Source: leitesculinaria.com
Today I wrote my first missed connection. To be honest, I only recently realized there was such a thing. For those who are as clueless as I was, Craigslist has a section on its website for missed connections–people trying to reach out to someone they saw/spoke to/met, but missed having a potential connection with.
Mine happened last night. I was celebrating my friend’s 30th birthday with drinks and food, and just having an amazing time. I stepped outside for a few minutes and that’s when it happened. A cute guy walked by me, peeked into the restaurant where the rest of my friends were still seated, and started making his way back again. As he passed me I said “the food’s really good in there”. He replied “I know, I’ve eaten there before”. We had a brief conversation–he told me he’d eaten there a few times and really liked the food, but he was just checking to see if it was packed or not. It was pretty busy so he decided not to go in. I told him I was celebrating my friend’s 30th birthday and he congratulated her. I said I’d never been there before, but the food seemed good, although I ordered a peameal sandwich and had only gotten as far as picking at my cabbage salad.

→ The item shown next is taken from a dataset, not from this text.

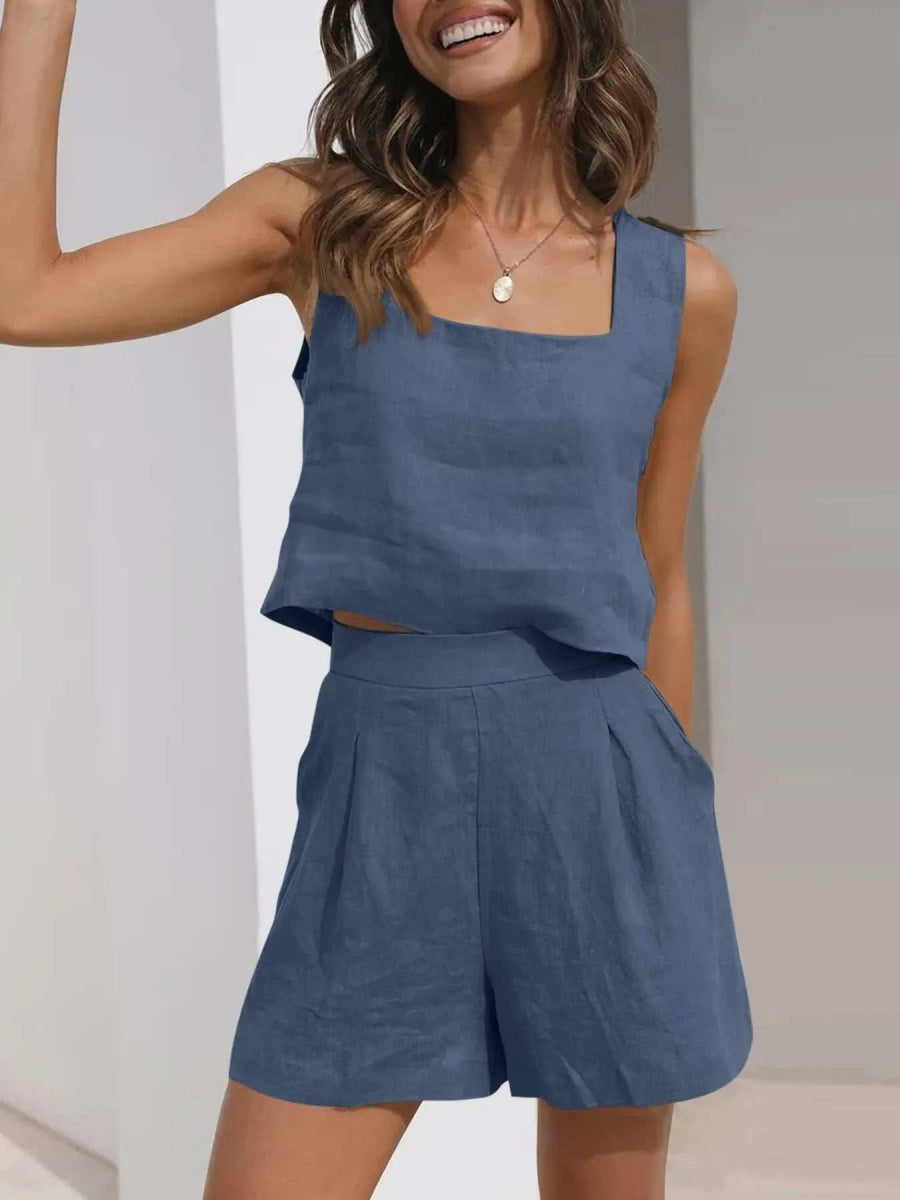 Square Neck Tank and Shorts Set - Trendsi - Flyclothing LLC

Anyways, he was cute and in my intoxicated state I felt we had a pleasant conversation and he seemed nice and friendly. I regretted not chatting with him more. Instead I said “well have a good night” and ended the conversation there.
Hence my missed connection. And being the overly introspective person that I am, I had to stop and think about this, particularly in light of my recent online dating escapades. I found him attractive, he seemed nice, and I wanted to get to know him. To me this seems to be a rarity. I’ll ‘meet’ someone online, see their pictures, exchange several messages, and then when we finally do meet, that spark, that chemistry that you can’t define, or recognize via email, isn’t there. So that’s why it felt like a missed opportunity–in light of recent experiences I recognize the rarity of a true connection.
That being said, I was pretty drunk and we had a very basic, superficial conversation so this is probably mostly in my head. The only reality is that I wanted to get to know him more. I’ve never been very open to these types of random encounters. If someone asks me for my number or tries to pick me up, I assume it’s his status quo–that he goes around doing this all the time. But I do know people who have met randomly and I’m starting to think I should be more open to these chance encounters.
I just hope that online dating isn’t skewing my perception and making me overvalue a random encounter simply because the guy was cute, seemed nice, and it wasn’t an unpleasant experience! I guess I will be more open to meeting people randomly, but I have to stay grounded and realize that not disliking someone is not a huge feat! The world of online dating sometimes makes it seem so.
I also gained some insight from reading other missed connections. It’s funny that sometimes men and women notice each other, seem to see each other as part of their daily routine, but never speak to each other. Based on the missed connections it seems like guys are sometimes too shy to approach a girl, and I get that. I usually just think badly of guys who try to pick up girls, but I’m starting to catch a glimpse of the softer side of it all–when a man is attracted to a woman and wants to get to know her, but is afraid of rejection, or made nervous by the butterflies in his stomach that seeing her causes.
Now, don’t get me wrong I also realize not all situations are this rosy. There were a number of missed connections that were a lot more about being physically attracted to someone and just wanting to sleep with them. One missed connection was by a guy who saw a gorgeous girl and was ‘thinking of all the things I want to do to you’. That to me is repulsive and invasive–to be sexually objectified by a random stranger. If you’re both looking for a romantic encounter that’s cool, but I would find it pretty disturbing if someone wrote that type of missed connection about me.
Anyways I guess the bottom line is to be aware of all the shades of grey: it’s good to be open to new possibilities but to do so with a clear mind, caution, and a realistic perspective. When looking for a life partner, you need to keep both feet on the ground.